5. Range of Domain Properties in Asymmetric Membranes

How lipid composition controls membrane physical state and domain formation has been studied extensively in symmetric artificial membranes. Far fewer studies have been carried out in asymmetric artificial membranes, but those already carried out have provided a number of novel insights. One is that asymmetry can have a wide variety of impacts upon the physical properties of each leaflet when only one leaflet contains lipids that would spontaneously form ordered domains in a symmetric membrane [11]. For example, cases in which ordered domains in one leaflet induce ordered domains in the opposite leaflet, and cases in which ordered domain formation in a leaflet is suppressed by contact with a disordered leaflet, have both been observed (Figure 1). These phenomena occur when the physical properties of the two leaflets are coupled to each other. The leaflet whose physical state is the same in asymmetric vesicles and symmetric vesicles with the same lipid composition as that leaflet is said to be dominant. Which leaflet dominates can be temperature dependent, with the leaflet having lipids that can form ordered domains only dominant at lower temperatures (see below).
In the most common cases, the location of a domain in one leaflet matches the location of a domain having the same physical state in the opposite leaflet. In this case, the domains are said to be in register. However, there can be exceptions [35]. It should also be noted that in cases of strong coupling, the physical states in opposite leaflets would exactly match each other, but when coupling is weaker, partial coupling can occur so that the physical state of an induced ordered domain only changes part way towards matching that of the ordered domain in the opposite leaflet, or in which an ordered domain has looser than normal packing due to partial coupling to a disordered leaflet. It is also possible for the physical state of the lipids to be uncoupled, so that each leaflet is in a different physical state, the physical state expected for a symmetric vesicle of that leaflet composition.
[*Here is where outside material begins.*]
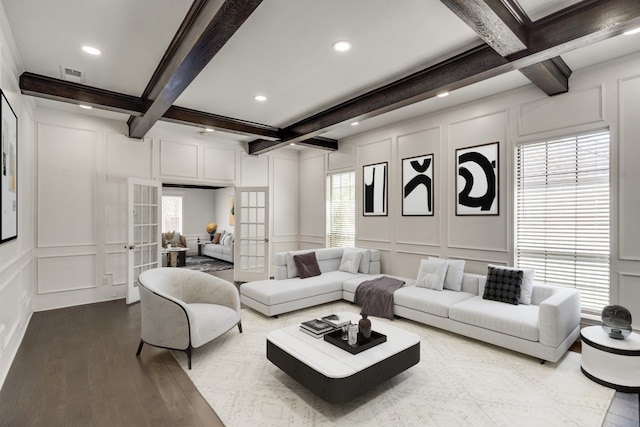 living room with french doors, coffered ceiling, hardwood / wood-style flooring, and beam ceiling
6. Experimental Studies of Interleaflet Coupling in Asymmetric Vesicles without Sterol

In asymmetric small vesicles without cholesterol, exchanging in SM to replace almost the entire outer leaflet of vesicles containing dioleoyl PC (DOPC), which has two unsaturated acyl chains, or palmitoyl oleoyl PC (POPC), which has one unsaturated acyl chain, resulted in vesicles that, at ambient temperature, had a highly ordered outer leaflet, but with only a modest increase in inner leaflet order relative to that in symmetric DOPC or POPC vesicles [15,36], suggesting weak to moderate coupling of membrane order. Interestingly, outer leaflet Tm and order was similar to that for pure SM, indicating that the inner leaflet had little effect on outer leaflet properties. This low level of coupling did not seem to be a consequence of small vesicle size, i.e., vesicle curvature [16].
However, it was found in another study that the difference between inner and outer leaflet curvature could affect coupling greatly in asymmetric vesicles containing palmitoyl oleoyl PE (POPE) and POPC, with strong coupling of ordered state formation in both leaflets when the relatively high-Tm lipid POPE was enriched in the inner leaflet, but not when it was enriched in the outer leaflet [37].
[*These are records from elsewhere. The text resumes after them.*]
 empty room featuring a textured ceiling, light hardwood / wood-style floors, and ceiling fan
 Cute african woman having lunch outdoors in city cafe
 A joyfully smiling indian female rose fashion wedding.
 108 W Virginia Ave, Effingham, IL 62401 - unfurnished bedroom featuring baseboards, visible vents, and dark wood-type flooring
In a study using large vesicles containing saturated dipalmitoyl PC (DPPC) plus POPC in one leaflet and POPC in the other, partial coupling was observed by neutron scattering, such that the DPPC rich ordered domain in the outer leaflet packed more loosely than it would in symmetric vesicles [17]. Ordered domain formation in the inner leaflet was not detected.
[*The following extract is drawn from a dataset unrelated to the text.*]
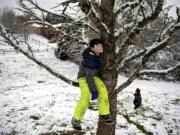 Kemper Aubrey of Vancouver pauses to enjoy a quiet moment away from the sledding hill while joining friends at a park in Felida's Ashley Heights neighborhood on Tuesday morning, Dec. 28, 2021. The winter storm dropped between 1 and 2 inches of snow on the city.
In diffusion studies in which SM was introduced into the outer leaflet of giant vesicles composed of various PCs, decreased lateral diffusion of lipids in each leaflet was detected after introduction of SM even though domains were too small to visualize. The extent of coupling of diffusion, as judged by the relative decrease in lateral diffusion in each leaflet after SM was introduced, depended on the choice of SM and PC. Upon introduction of brain SM into the outer leaflet, lateral diffusion of inner leaflet PCs with one saturated and one unsaturated acyl chain (e.g., POPC) was more strongly coupled to that of the outer leaflet than when the PC in the vesicles was DOPC, as judged by the decrease in inner leaflet lateral diffusion relative to the decrease in outer leaflet lateral diffusion after SM introduction. Coupling of diffusion in the two leaflets was also strong in DOPC containing membranes when milk SM was introduced into the outer leaflet instead of brain SM. Penetration of long milk SM acyl chains into the opposite leaflet (interdigitation) may have increased the extent of interleaflet coupling in those vesicles.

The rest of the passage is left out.